The question over the legitimacy of fully automated luxury communism is fundamentally one of democracy, specifically of whose brand of luxury we are expected to aspire towards. A post-capitalist project that puts unbridled consumption as a central guiding principle is uncannily similar to the current offering from wage-slave, debt-cycle, eco-catastrophic late-capitalism. The accoutrements of the capitalist spectacle may have less meaning to a culture with different values and incentive structures. With the liberal-left focussed on the inequality discourse little has been made of the need to discuss more thoroughly what material requirements are actually necessary for life satisfaction. It is content under its current rubric to envisage everyone on earth owning a smart device, whilst there is little concern on the left with the actual metrics of material scarcity, in this case the abundance of rare earth metals.

The fragile post war agreement of social democracy between the welfare state and unions sought to overcome the first contradiction of capitalism and appease the power of organised labour. The second contradiction of capital is the material and energetic limitations of infinite expansion of production on a finite biosphere.

Prophetically in Aldous Huxley’s Brave New World Henry Ford is presented as a religious icon in a society that mass produces people in test tubes, as well as things. Huxley understood that a society based around consumerism would lead to an inversion where the population had to be produced as consumers otherwise the entire industrial system would collapse.

The more reliant we are on centralised automated production the less political agency we shall have. Compliance is purchased via the convenience of a domino’s pizza delivered to your doorstep by drone.

Industry requires a state because of the scales of social organisation required to maintain the necessary infrastructure. Increasingly we are tied into the global supply chain. Our machines don’t work without their chips made in China from rare earth metals mined out of the Congo. Smart cities and mega-projects demand it. Corporate fascism is interested in automation because it removes human uncertainty and error – a computer program might need a patch but it is not going to get sick or go on strike.

Planned Obsolescence of the Proletarian Subject

If automation is to be adopted then it should be because the workers themselves want it, that they may find more useful things to do with the new efficiency gains. Without worker engagement it is much more likely to look like planned obsolescence of the worker themselves.

The question automation poses labour is a crisis for the proletarian subject – how will we reproduce our lives, in a world dominated by access to a wage – when gaining full time, well remunerated or secure employment has become destabilized?

Our bargaining power within the capitalist system either comes from our ability to sell our labour, or through our ownership of property. Whilst the working population have been enchanted by accumulating goods and using services, they have not been accumulating their own means of production. The crisis in wages and entrepreneurship along with collapse of effective unionism means that individual bargaining power has been eroded significantly.

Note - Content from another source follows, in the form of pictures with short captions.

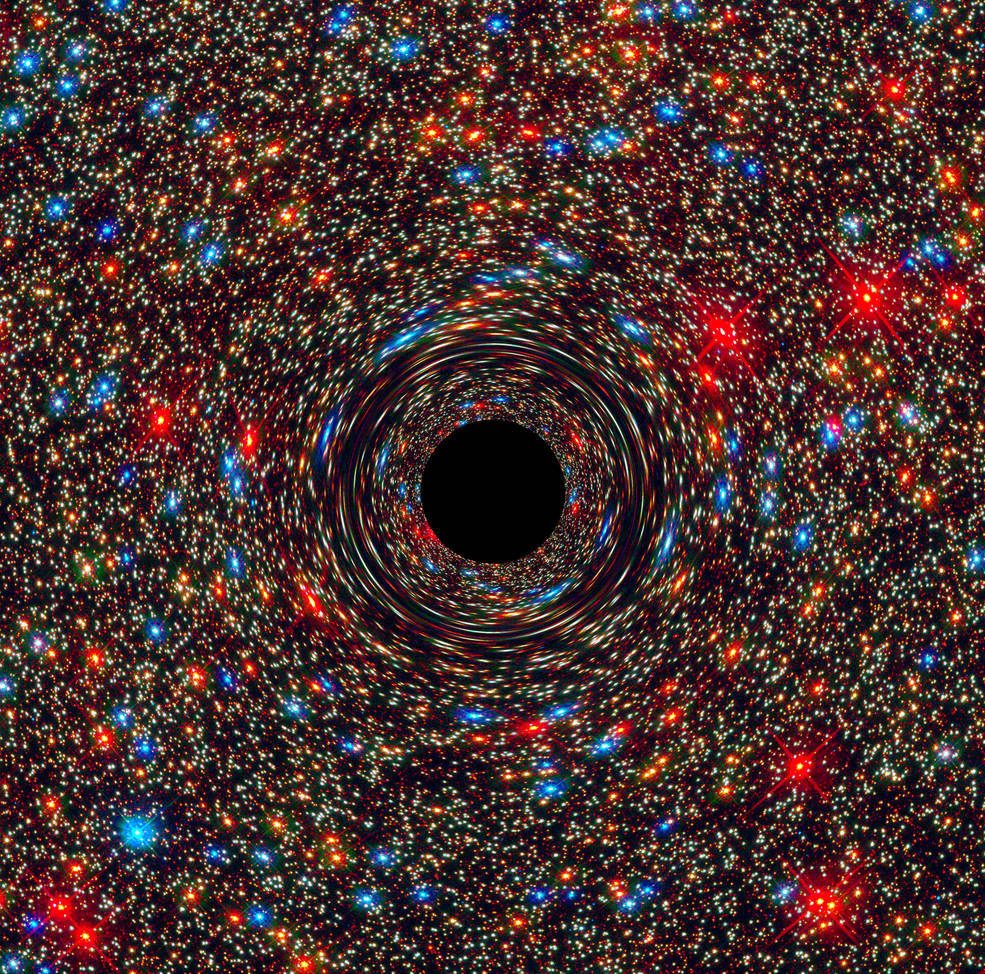 a supermassive black hole (computer-generated image)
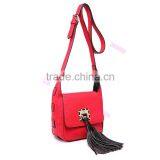 Manufacturer Design Metal With Tassel Detail Flap Trendy Red Lady Across Body Leather Bag thumbnail-2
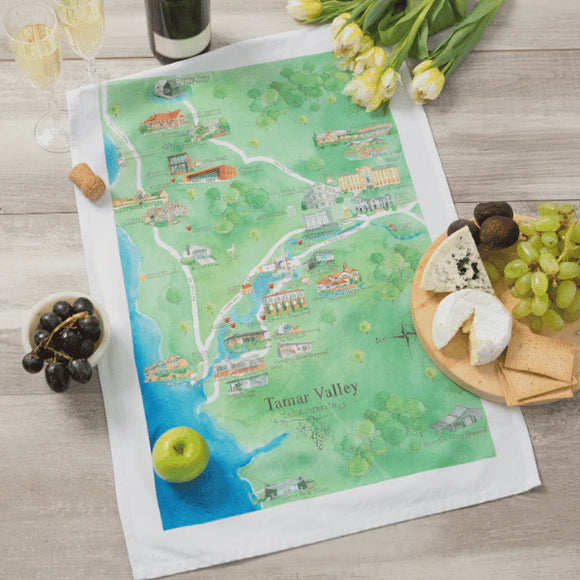 Tamar Valley Wine Region Map - Tea Towel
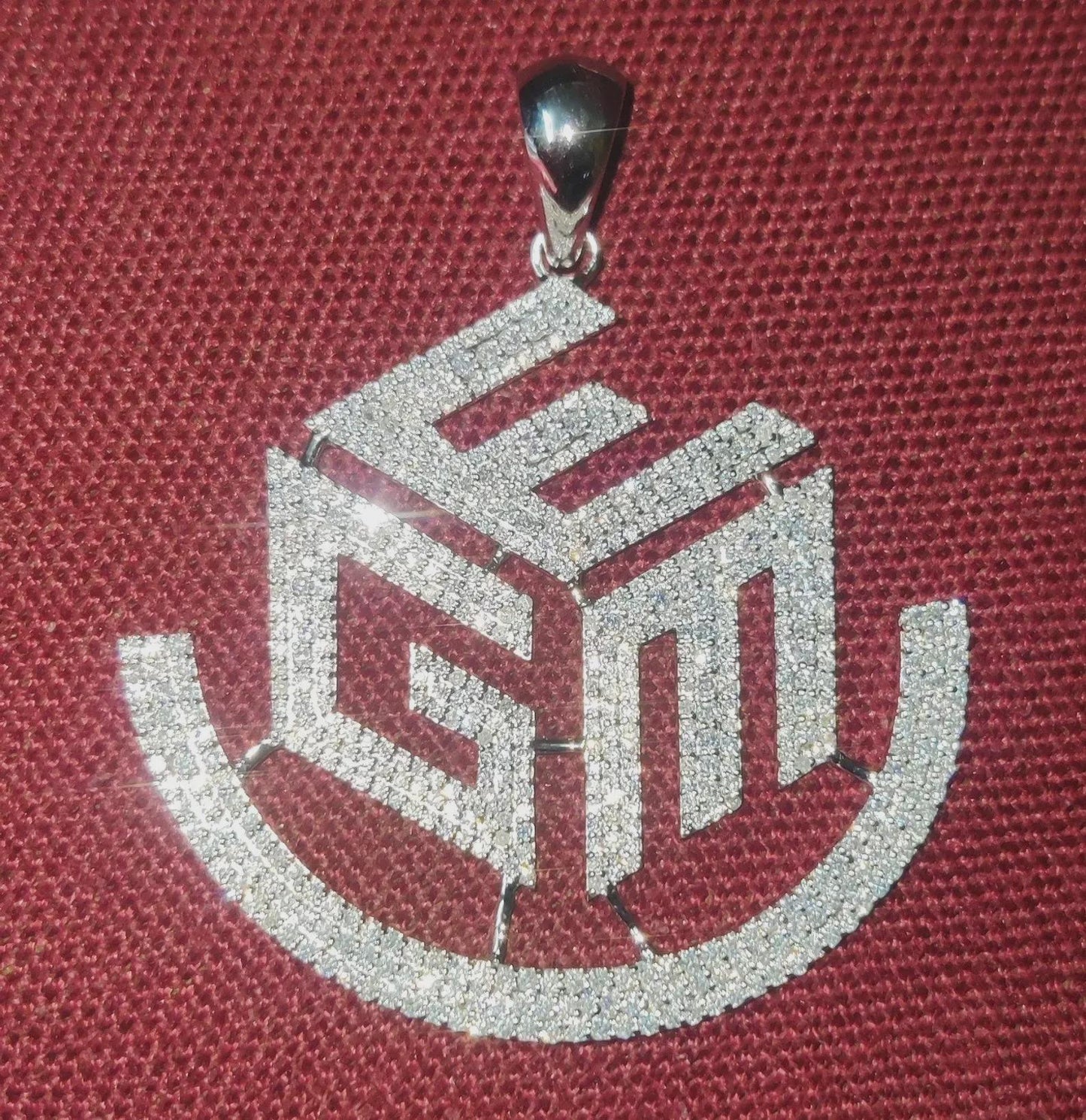 2Ct Diamond Custom Any Letter Round Cut Simulated Diamond Pendant,14K White Gold Plated 925 Sterling Silver For Birthday Gift & Party Wear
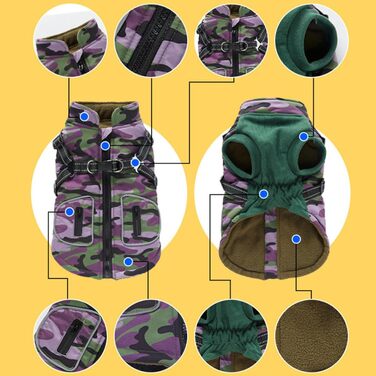 Водонепроникна куртка для собак, світловідбиваюча, теплий зимовий одяг, жилет з інтегрованим шлейкою, для маленьких, середніх та великих тварин, для холодної погоди та нічних прогулянок (фіолетовий, M)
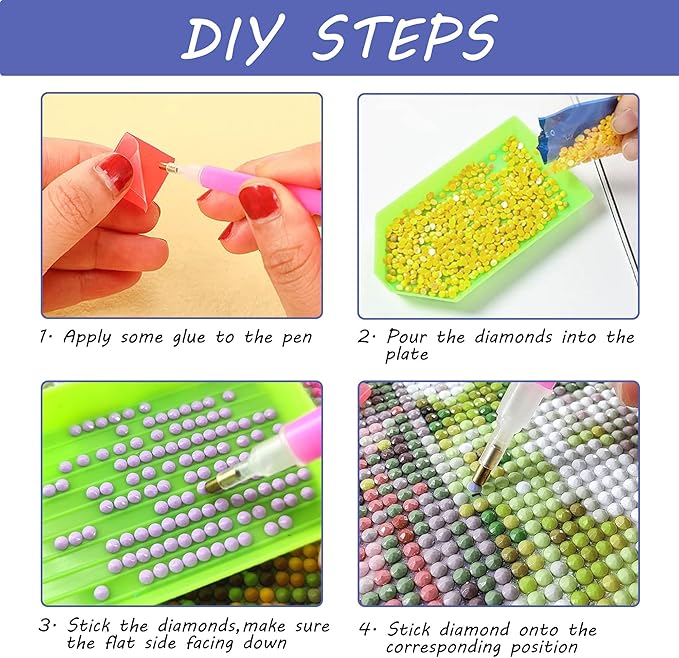 SKRYUIE 5D Diamond Painting Kits Landscape - DIY Diamond Art Kits for Adults Forest, Full Round Drill - Crystal Embroidery Cross Stitch - Craft for Wall & Office Decor - 12x16 Inch e2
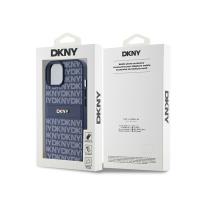 DKNY Leather Mono Stripe & Metal Logo - Etui iPhone 15 / 14 / 13 (niebieski)
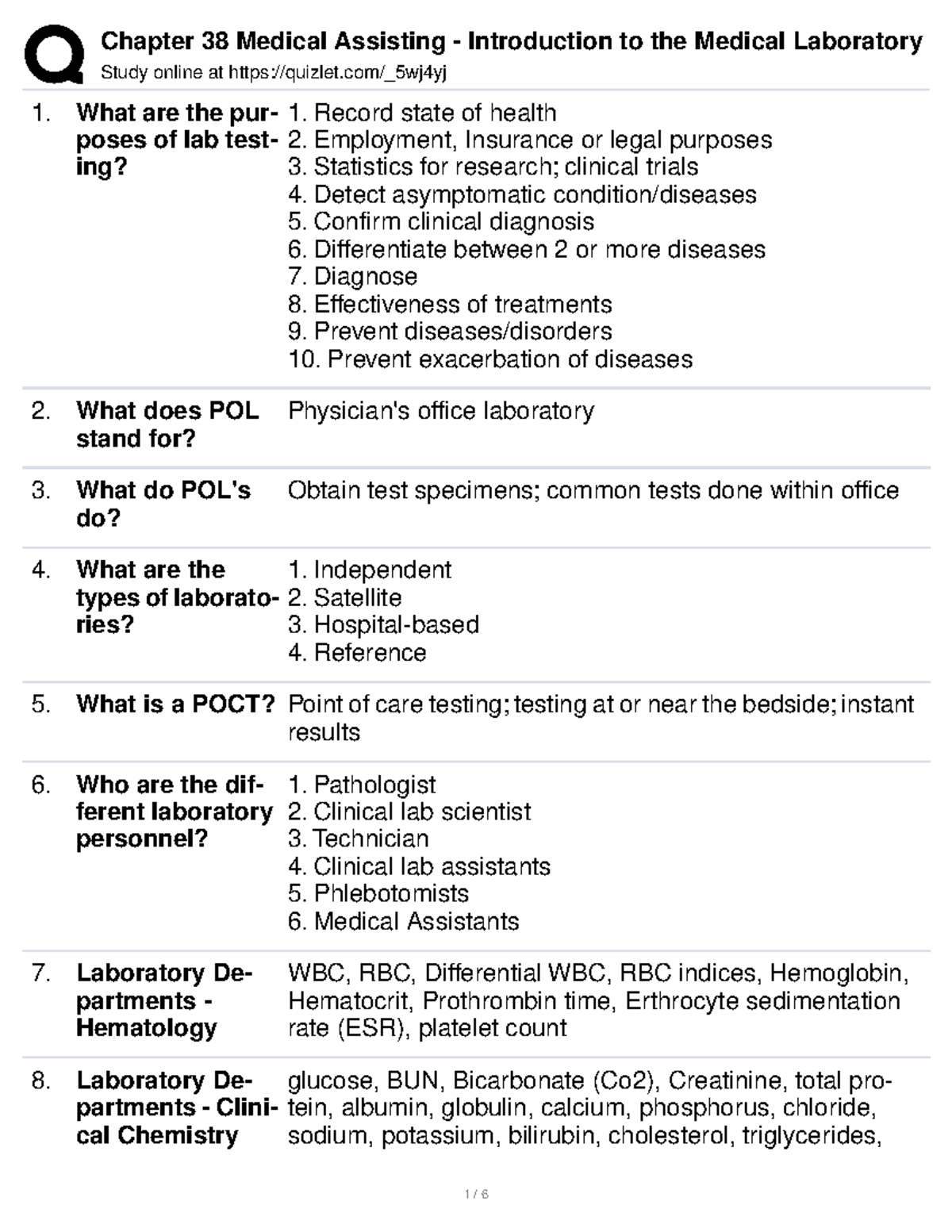 Chapter 38 Medical Assisting Introduction to the Medical Laboratory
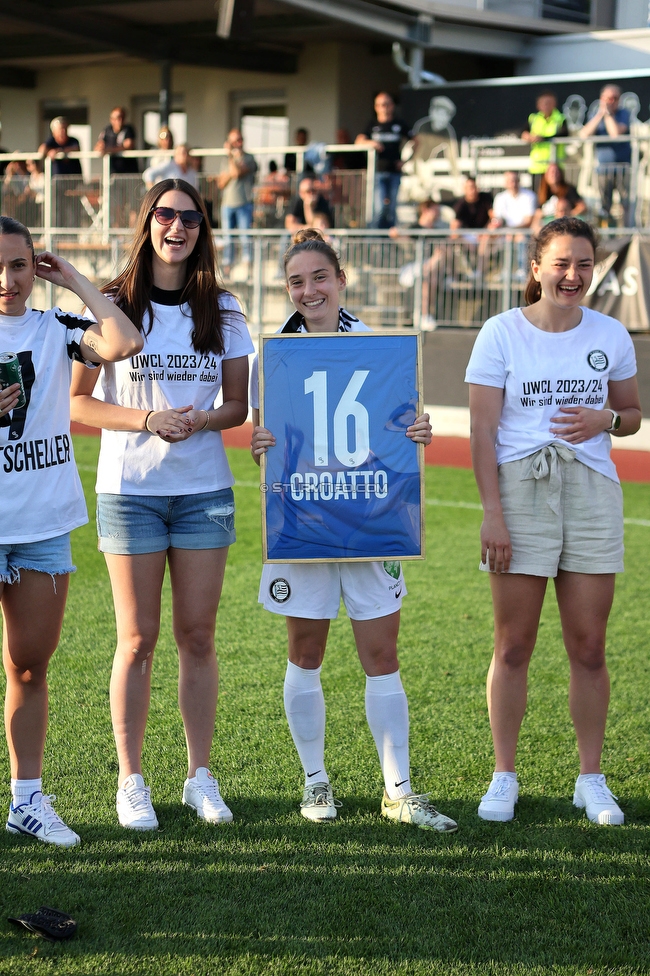 Sturm Damen - Altenmarkt
OEFB Frauen Bundesliga, 17. Runde, SK Sturm Graz Damen - SKV Altenmarkt, Trainingszentrum Messendorf, 27.05.2023. 

Foto zeigt Michela Croatto (Sturm Damen), Anna Malle (Sturm Damen) und Vanessa Gritzner (Sturm Damen)
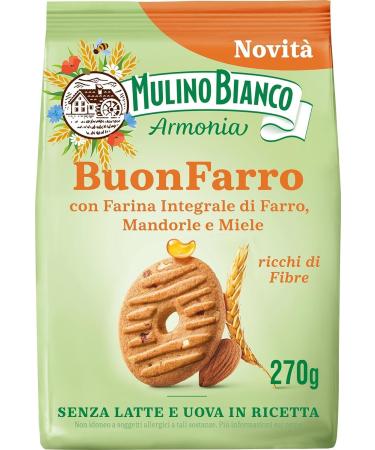  Italian Gourmet E.R. Mulino Bianco BuonFarro Pack of 12 shortcrust pastry biscuits with wholemeal spelt flour almonds and honey 270 g + gourmet Italian polpa 400 g - Buy Online on GoSupps.com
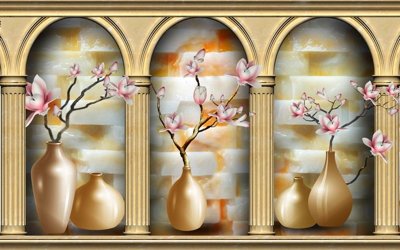 File gốc File tranh bình hoa BHY80 (in tráng gương) sang trọng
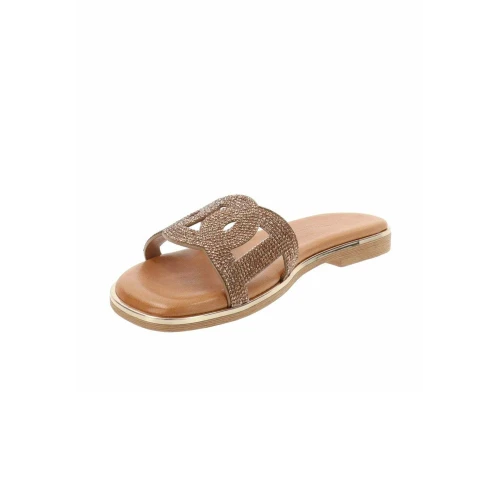 VALLEVERDE - Ciabatta bronzo con strass - 32030 2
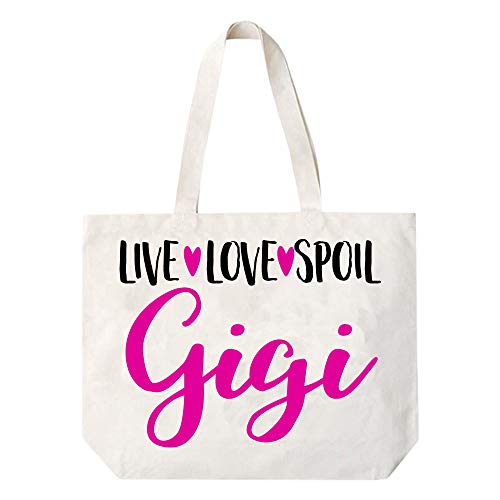 COCOVICI Live Love Spoil Gigi Canvas Tote Bag Grandma Gift Idea Book Bag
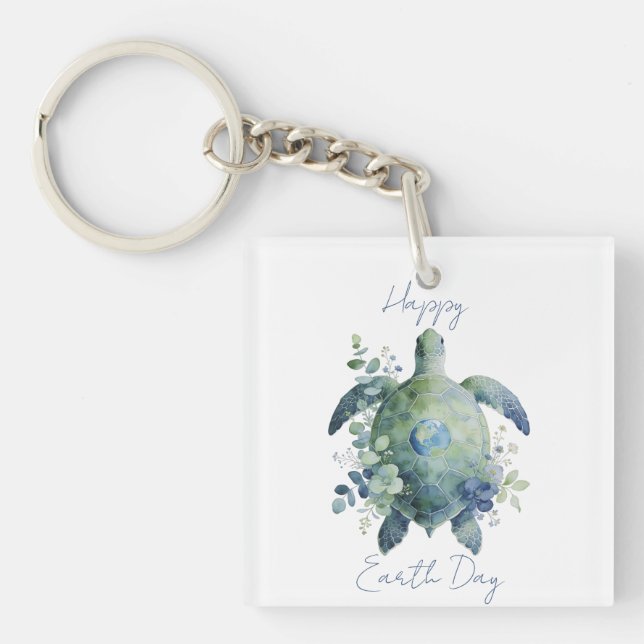 Happy Earth Day Turtle Design Key Ring (Front)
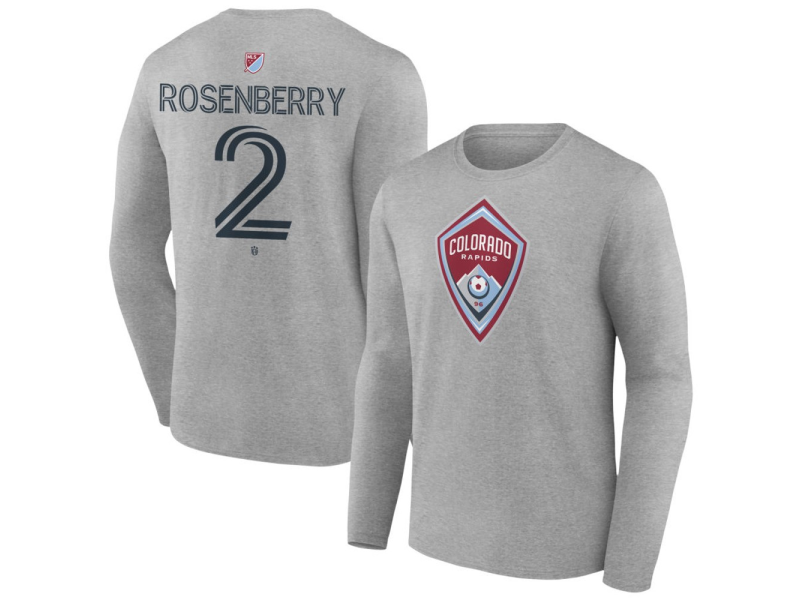 Youth Colorado Rapids #2 Keegan Rosenberry Team Authentic Long Sleeve T-Shirt - Gray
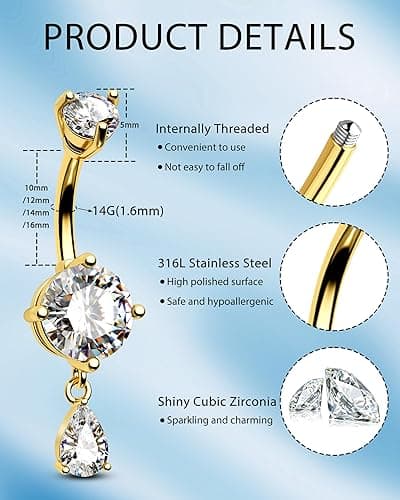 CM Crareesi Mania Belly Button Ring Dangle Belly Rings 316L Surgical Steel Belly Button Piercing Jewelry Teardrop Navel Ring for Women - Gold-CLCZ-12mm thumbnail 2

There is a prevailing myth that money is a reward for graft, that somehow getting things for free is a handout from a nanny state funded by hard working taxpayers. Gains in efficiency that come from all the innovations and labours of our ancestors must be seen as a common good and not subject to private ownership.

The left does need to be propositional if it is to get beyond being reactive. The right needs people to be kept in drudgery, to internalise the guilt of debt and to not have enough free time on its hands to organise rebellion. UBI will lift people out of poverty somewhat but it is imperative that this is seen as a concession on the road to greater political and economic freedom. To settle for this as sufficient can only disempower the working class. Ultimately what makes a right work ethic in the 21st century needs to be clarified as does the question of what amount of luxury we actually need to be satisfied.